Background
Present
The logic for fetching and pre-processing experiment configs from xLab is located in InstrumentConfigFetcher (herein "the fetcher"). When $wgMetricsPlatformEnableExperimentConfigsFetching is truthy and a logged-in user navigates to a page, the MetricsPlatform extension:
- Fetches the experiment configs from the WAN cache
- If there was a cache miss or the cached value needs to be regenerated in (2), fetches the experiment configs from xLab and updates the WAN cache
We leverage WANObjectCache (provided by MediaWiki Core) to do the above as well as to avoid stampedes and manage experiment configs expiry.
However, there is a performance problem. (2) delays the app server responding to the user by a non-trivial amount of time if the application server isn't in the eqiad DC. The regeneration callback time for the 'MetricsPlatform' WAN cache key group graph shows two distinct bands forming around 10-25 ms and 100-250 ms. I believe that these bands map to "requests from eqiad to eqiad" and "requests from ulsfo/esams/drmrs/magru to eqiad", respectively. This banding is also clear from the data collected by the experiment config fetchers running on every cache node.
Future
We make the fetcher asynchronous. The MetricsPlatform extension will still fetch experiment configs from the WAN cache but the WAN cache will be updated by a maintenance script running every minute.
Pros
- We delay the app server responding to the user by O(1 ms)
- The delay is equitable for all users as it's the same for any app server in any DC
Cons
- We increase the fragility of the system
- If there is a cache miss or the cached value would otherwise be regenerated, it is not regenerated.
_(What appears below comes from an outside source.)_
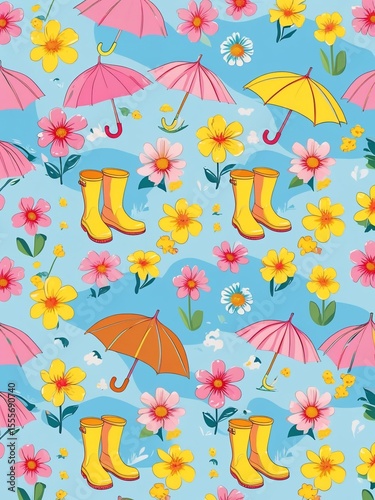 Bright Spring Shower Motif Adorned with Playful Umbrellas Rubber Boots and Happy Flowers
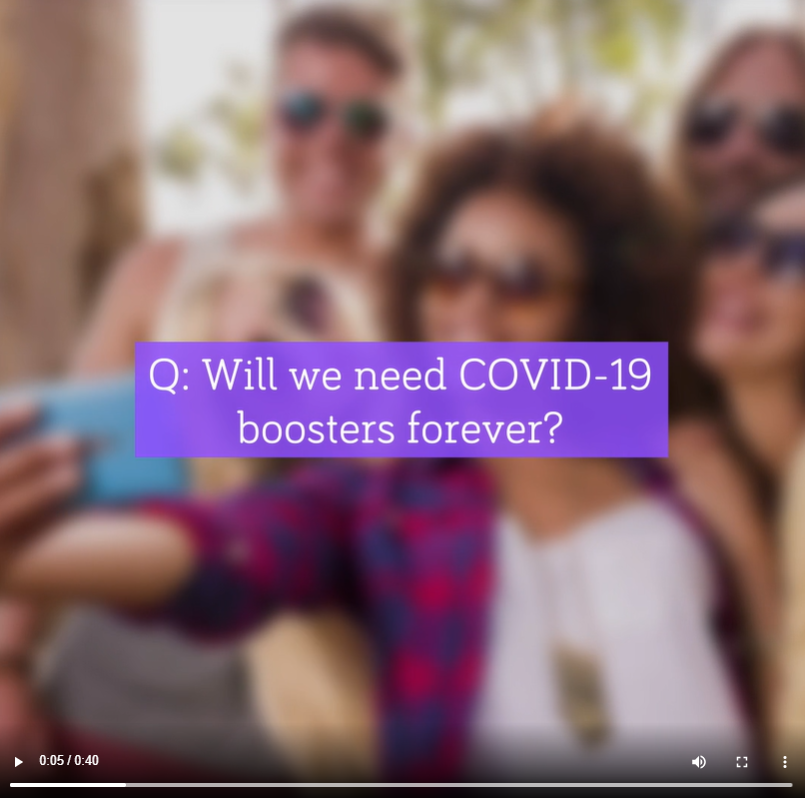 A group of friends of multiple races/ethnicities take a picture in the background while a question in a purple text box appears in front of them.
- This risk is mitigated by allowing the cached value to go stale rather than be deleted when it expires. This is in line with how fetching experiment configs happens on the cache nodes where the previous experiment configs are only replaced when different experiment configs are successfully fetched
- If there is a cache miss or the cached value would otherwise be regenerated, it is not regenerated.
Notes
- This can be implemented by:
- Creating a maintenance script that fetches experiment configs from xLab and updates the cached value in the WAN cache
- Creating a periodic job that runs the maintenance script
- Updating the MetricsPlatform extension to only ever fetch experiment configs from the WAN cache
AC
- When $wgMetricsPlatformEnableStreamConfigsFetching is truthy, instrument configs are still fetched as part of the request
- When $wgMetricsPlatformEnableExperimentConfigsFetching is truthy, experiment configs are still fetched as part of the request
These first two AC cover maintaining the current local development experience rather than requiring the developer to create a periodic job in their local development environment.